── Material supplied

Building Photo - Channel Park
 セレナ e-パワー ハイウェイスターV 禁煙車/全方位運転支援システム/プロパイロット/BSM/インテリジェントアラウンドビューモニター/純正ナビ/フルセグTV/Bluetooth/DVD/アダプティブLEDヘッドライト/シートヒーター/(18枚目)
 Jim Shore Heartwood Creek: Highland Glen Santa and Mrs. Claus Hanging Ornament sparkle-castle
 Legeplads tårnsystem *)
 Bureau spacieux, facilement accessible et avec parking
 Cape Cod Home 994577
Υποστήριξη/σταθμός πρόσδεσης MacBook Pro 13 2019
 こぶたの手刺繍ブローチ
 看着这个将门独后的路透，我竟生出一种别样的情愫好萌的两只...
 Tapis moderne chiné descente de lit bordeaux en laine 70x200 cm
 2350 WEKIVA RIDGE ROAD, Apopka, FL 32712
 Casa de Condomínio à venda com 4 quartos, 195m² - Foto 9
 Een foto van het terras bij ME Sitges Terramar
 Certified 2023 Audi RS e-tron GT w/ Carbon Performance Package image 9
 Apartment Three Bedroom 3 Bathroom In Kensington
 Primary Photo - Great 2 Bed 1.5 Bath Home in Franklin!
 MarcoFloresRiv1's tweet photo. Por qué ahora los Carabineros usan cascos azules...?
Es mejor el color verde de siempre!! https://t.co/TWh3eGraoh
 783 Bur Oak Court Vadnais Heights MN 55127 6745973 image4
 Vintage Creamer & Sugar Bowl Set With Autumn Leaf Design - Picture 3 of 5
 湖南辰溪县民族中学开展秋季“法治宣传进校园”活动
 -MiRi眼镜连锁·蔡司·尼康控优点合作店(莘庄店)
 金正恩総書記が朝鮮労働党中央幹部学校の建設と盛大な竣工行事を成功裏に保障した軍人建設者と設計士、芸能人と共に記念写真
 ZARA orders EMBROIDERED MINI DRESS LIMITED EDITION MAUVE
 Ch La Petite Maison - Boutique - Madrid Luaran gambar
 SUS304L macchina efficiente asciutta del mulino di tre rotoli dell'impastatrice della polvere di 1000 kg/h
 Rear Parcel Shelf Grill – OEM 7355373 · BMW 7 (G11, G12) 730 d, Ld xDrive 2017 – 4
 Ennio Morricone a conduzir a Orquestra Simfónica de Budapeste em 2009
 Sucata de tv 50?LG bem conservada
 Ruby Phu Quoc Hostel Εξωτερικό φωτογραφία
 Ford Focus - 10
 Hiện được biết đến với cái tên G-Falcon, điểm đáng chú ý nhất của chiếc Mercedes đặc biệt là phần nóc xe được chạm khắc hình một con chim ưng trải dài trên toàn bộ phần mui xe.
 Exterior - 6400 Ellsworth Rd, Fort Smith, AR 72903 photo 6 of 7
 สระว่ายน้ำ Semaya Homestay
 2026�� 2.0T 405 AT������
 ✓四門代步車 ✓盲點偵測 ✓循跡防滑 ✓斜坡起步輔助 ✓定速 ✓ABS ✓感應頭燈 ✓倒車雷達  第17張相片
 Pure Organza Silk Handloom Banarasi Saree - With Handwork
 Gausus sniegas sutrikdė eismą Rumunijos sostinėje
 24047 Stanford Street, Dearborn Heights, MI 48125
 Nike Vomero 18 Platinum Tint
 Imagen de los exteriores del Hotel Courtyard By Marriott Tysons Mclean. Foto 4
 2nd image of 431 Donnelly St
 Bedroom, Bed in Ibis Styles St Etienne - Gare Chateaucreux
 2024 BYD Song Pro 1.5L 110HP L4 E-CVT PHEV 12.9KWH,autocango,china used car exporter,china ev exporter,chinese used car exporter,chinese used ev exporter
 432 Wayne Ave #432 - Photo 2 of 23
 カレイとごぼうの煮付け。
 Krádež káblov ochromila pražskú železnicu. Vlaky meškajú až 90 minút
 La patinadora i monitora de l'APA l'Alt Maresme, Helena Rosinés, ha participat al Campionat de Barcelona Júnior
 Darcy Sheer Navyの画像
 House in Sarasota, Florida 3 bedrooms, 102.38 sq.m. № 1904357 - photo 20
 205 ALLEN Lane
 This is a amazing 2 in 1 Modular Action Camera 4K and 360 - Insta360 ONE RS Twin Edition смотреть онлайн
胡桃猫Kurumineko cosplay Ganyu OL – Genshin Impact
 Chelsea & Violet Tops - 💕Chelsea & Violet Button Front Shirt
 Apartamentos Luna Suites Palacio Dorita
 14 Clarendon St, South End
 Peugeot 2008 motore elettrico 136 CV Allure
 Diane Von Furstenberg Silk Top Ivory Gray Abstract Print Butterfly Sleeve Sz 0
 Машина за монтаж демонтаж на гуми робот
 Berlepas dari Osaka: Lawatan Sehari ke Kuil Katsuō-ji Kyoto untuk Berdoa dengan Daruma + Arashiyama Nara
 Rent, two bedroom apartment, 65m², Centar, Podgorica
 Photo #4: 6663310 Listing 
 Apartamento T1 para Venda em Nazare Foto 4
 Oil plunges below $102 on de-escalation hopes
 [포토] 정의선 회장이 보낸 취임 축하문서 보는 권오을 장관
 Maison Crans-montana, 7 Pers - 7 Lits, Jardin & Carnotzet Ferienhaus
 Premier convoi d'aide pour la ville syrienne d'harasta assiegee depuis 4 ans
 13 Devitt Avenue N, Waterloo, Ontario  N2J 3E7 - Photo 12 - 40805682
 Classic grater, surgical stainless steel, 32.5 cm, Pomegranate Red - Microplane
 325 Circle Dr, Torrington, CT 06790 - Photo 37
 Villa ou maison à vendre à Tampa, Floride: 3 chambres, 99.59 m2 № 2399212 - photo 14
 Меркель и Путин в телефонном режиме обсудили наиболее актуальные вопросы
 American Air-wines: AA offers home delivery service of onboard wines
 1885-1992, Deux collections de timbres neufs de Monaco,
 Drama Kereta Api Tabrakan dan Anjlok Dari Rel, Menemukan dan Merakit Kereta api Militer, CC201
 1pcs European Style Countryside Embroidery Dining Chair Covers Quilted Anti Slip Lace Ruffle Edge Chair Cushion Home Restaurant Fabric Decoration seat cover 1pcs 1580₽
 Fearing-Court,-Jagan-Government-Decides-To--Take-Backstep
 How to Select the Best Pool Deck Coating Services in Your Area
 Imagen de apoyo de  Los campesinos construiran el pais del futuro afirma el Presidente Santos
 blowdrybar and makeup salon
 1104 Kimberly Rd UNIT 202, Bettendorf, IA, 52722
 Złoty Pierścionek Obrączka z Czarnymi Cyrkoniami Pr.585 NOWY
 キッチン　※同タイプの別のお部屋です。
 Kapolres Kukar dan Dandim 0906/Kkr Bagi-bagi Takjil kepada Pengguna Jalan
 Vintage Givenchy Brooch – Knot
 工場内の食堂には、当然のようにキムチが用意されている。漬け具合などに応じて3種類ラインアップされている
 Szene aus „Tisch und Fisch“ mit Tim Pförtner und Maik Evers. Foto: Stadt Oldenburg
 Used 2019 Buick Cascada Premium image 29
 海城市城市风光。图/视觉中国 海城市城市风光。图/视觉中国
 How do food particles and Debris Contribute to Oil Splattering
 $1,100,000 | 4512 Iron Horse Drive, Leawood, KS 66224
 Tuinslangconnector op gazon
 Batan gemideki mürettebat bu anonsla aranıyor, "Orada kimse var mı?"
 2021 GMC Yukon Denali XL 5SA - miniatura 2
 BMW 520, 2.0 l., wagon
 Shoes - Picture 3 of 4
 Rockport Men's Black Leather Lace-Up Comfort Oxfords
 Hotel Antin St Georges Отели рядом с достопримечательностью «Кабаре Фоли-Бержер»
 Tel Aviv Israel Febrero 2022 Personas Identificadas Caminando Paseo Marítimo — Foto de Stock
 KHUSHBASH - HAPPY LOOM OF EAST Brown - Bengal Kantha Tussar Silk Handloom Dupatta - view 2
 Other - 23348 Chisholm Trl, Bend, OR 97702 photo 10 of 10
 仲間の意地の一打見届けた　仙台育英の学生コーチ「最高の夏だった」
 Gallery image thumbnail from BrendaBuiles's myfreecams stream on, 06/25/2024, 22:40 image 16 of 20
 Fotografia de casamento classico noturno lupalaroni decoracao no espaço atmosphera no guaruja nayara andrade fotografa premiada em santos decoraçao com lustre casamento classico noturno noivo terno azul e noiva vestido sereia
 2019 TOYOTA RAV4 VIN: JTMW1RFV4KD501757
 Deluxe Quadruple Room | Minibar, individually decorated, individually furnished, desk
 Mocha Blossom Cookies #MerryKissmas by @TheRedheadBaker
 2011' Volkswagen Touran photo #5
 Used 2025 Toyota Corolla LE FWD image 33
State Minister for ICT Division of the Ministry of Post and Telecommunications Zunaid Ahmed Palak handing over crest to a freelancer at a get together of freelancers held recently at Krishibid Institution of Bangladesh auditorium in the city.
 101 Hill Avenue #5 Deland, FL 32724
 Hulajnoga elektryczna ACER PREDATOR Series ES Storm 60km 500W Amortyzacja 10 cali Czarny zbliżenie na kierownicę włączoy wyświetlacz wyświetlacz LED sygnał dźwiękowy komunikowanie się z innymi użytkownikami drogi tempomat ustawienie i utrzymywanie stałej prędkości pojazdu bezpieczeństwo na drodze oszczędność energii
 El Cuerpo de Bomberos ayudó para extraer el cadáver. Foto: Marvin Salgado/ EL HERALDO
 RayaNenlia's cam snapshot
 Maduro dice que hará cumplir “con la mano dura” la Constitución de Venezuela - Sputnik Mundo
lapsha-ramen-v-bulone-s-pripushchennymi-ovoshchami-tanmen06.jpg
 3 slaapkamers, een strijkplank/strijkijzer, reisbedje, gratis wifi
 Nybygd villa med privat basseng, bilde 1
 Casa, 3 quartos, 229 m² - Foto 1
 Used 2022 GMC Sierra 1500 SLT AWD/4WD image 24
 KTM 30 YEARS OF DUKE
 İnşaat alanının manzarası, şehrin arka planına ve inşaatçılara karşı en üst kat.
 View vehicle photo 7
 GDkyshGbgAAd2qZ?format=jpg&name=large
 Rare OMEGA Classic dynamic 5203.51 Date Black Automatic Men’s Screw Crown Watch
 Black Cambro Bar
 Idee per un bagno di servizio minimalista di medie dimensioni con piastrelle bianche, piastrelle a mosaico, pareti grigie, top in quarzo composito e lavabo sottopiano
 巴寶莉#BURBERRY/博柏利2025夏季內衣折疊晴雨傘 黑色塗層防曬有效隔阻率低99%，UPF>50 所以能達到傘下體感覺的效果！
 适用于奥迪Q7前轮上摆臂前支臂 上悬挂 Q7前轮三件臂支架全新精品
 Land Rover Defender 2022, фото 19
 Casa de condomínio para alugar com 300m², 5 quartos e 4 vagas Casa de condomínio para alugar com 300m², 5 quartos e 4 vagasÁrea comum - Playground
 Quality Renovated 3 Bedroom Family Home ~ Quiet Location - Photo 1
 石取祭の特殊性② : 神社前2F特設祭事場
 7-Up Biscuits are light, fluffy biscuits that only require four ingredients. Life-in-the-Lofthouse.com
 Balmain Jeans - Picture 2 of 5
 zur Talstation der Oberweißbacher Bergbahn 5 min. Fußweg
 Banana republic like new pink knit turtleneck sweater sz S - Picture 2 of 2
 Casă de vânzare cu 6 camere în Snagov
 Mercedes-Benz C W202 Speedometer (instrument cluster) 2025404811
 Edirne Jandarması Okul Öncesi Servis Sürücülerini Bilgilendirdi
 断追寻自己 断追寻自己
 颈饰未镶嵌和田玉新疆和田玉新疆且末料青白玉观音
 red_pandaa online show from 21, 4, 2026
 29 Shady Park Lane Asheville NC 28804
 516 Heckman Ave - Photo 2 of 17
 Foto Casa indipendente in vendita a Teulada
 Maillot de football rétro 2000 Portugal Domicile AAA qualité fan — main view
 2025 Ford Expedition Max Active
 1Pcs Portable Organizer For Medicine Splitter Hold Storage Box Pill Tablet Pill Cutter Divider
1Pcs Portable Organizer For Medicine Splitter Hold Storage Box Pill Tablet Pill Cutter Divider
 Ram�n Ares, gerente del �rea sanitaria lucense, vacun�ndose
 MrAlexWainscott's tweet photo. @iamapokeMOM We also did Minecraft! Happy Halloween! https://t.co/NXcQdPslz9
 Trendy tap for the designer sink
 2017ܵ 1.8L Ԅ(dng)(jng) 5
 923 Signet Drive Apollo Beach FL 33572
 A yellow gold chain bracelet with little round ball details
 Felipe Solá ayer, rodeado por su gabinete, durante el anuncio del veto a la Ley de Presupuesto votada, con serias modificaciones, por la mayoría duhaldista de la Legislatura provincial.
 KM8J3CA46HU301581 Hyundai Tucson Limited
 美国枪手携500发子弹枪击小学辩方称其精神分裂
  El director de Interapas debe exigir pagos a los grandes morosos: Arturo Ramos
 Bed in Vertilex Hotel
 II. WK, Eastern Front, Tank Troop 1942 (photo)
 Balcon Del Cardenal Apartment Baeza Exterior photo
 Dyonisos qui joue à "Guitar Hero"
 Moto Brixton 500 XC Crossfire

────

> **Task to carry out**:
From the entries above, write out only the lines starting at the line that holds "-MiRi眼镜连锁·蔡司·尼康控优点合作店(莘庄店)" and ending at the line that holds "Ford Focus - 10", keeping both and matching them exactly.

> **Expected answer**:
 -MiRi眼镜连锁·蔡司·尼康控优点合作店(莘庄店)
 金正恩総書記が朝鮮労働党中央幹部学校の建設と盛大な竣工行事を成功裏に保障した軍人建設者と設計士、芸能人と共に記念写真
 ZARA orders EMBROIDERED MINI DRESS LIMITED EDITION MAUVE
 Ch La Petite Maison - Boutique - Madrid Luaran gambar
 SUS304L macchina efficiente asciutta del mulino di tre rotoli dell'impastatrice della polvere di 1000 kg/h
 Rear Parcel Shelf Grill – OEM 7355373 · BMW 7 (G11, G12) 730 d, Ld xDrive 2017 – 4
 Ennio Morricone a conduzir a Orquestra Simfónica de Budapeste em 2009
 Sucata de tv 50?LG bem conservada
 Ruby Phu Quoc Hostel Εξωτερικό φωτογραφία
 Ford Focus - 10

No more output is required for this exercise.